Hamptons Heat Wave: Spielberg, Phone Home

True, at least one bona fide Hollywood royal rests peaceably in the Hamptons – specifically, Gary Cooper, who is buried rather inconspicuously. If only the current wave of Hollywood émigrés were so considerate. Instead, every summer, as reliably as a plague of Gulfstream-powered locusts, the West Coast crowd have descended on the East End’s once somnambulant hamlets, ready to chew up the picturesque scenery.

But wait. It’s almost August, and some of the inmates are escaping the asylum. Georgica Pond inhabitant Steven Spielberg is away, flogging Saving Private Ryan. (Of course, if President Clinton stays at the compound during his fund-raising round-robin, you may be certain the director will put in an appearance.) Even the Hamptons’ most famous houseguest, Barbra Streisand, hasn’t appeared chez Donna Karan. Ample anecdotal evidence suggests that more moguls and movie stars are spending this summer in Montana or on the Mediterranean than in Malibu-on-the-Atlantic. The chances are considerably greater of a crash of Hollywood-hired yachts off the Isle of Capri than of Hollywood-guided shopping carts in an aisle at Dreesen’s.
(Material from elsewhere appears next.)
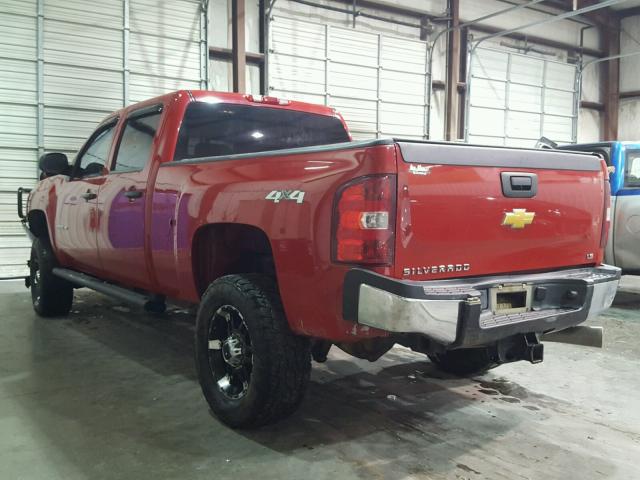 1GC1KVC89CF199693 - 2012 CHEVROLET SILVERADO RED photo 3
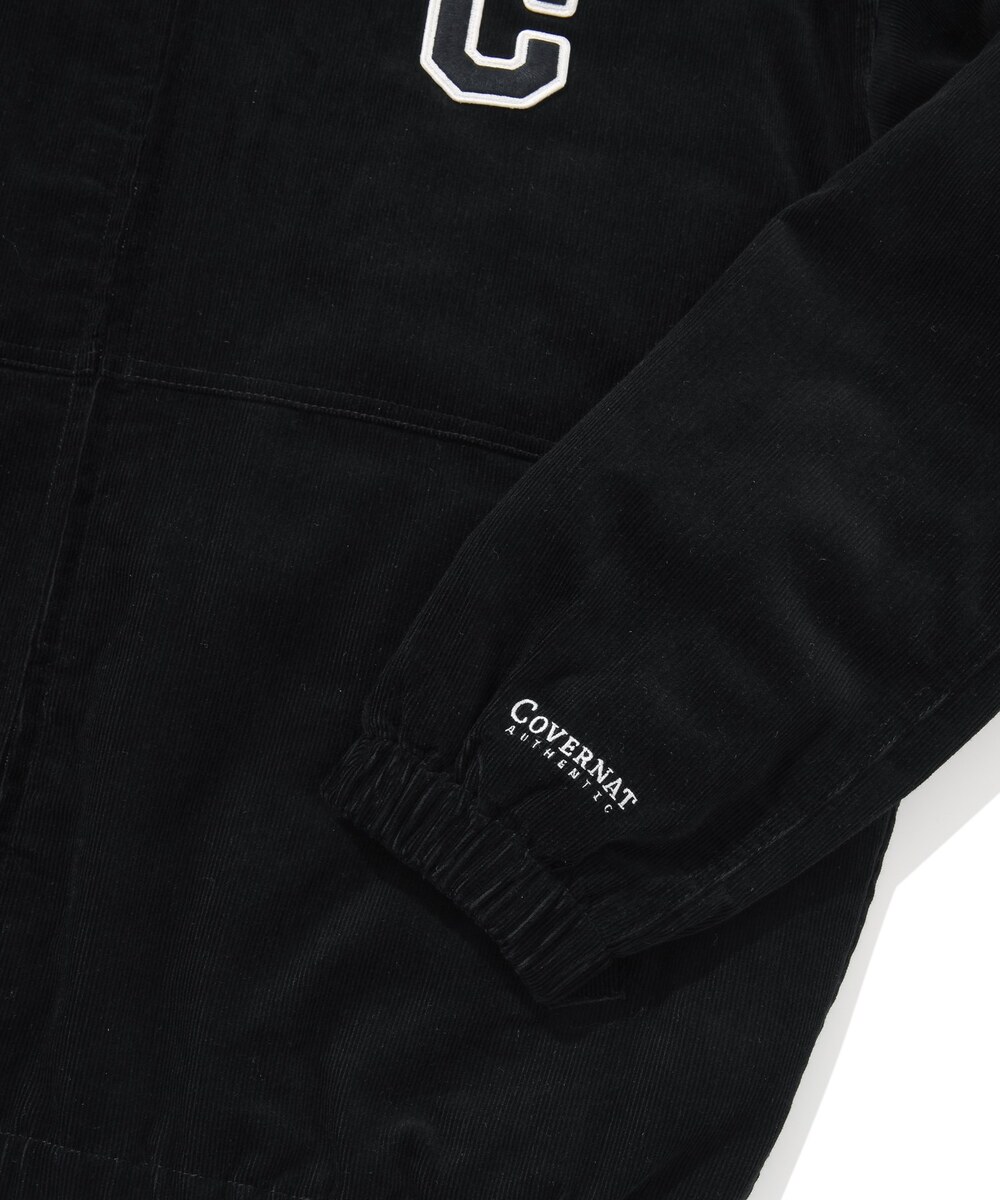 C LOGO CORDUROY HOODIED JACKET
Which is not to say that the Hamptons are celebrity-deprived. Regulars Kevin Costner and Mira Sorvino have shown up, and non-regulars Kelsey Grammer and Eddie Murphy have been spotted. This is, after all, where Ron Perelman’s houseguests have included Penny Marshall and Melanie Griffith, and where Alec Baldwin is still regarded as a bankable actor. Many in the studio smart set are hanging out with director Nora Ephron and her writer husband, Nick Pileggi, whose East Hampton retreat has quietly morphed into the address of choice for summer freeloaders.

Steve Ross, the late Time Warner capo, bears most responsibility for the wave of arrivistes from Hollywood. It was Ross who introduced Spielberg to the charms of Georgica Pond, and Ross’s wife, Courtney, who decorated “Quelle Barn,” the director’s home. With Ross gone and Courtney mostly out of sight, Spielberg and wife Kate Capshaw quickly became the Hamptons hosts with the best-known houseguests – including Tom Hanks and Rita Wilson, Robin and Marsha Williams, and partners Jeffrey Katzenberg and David Geffen. (That is, when the crown couple is in residence.)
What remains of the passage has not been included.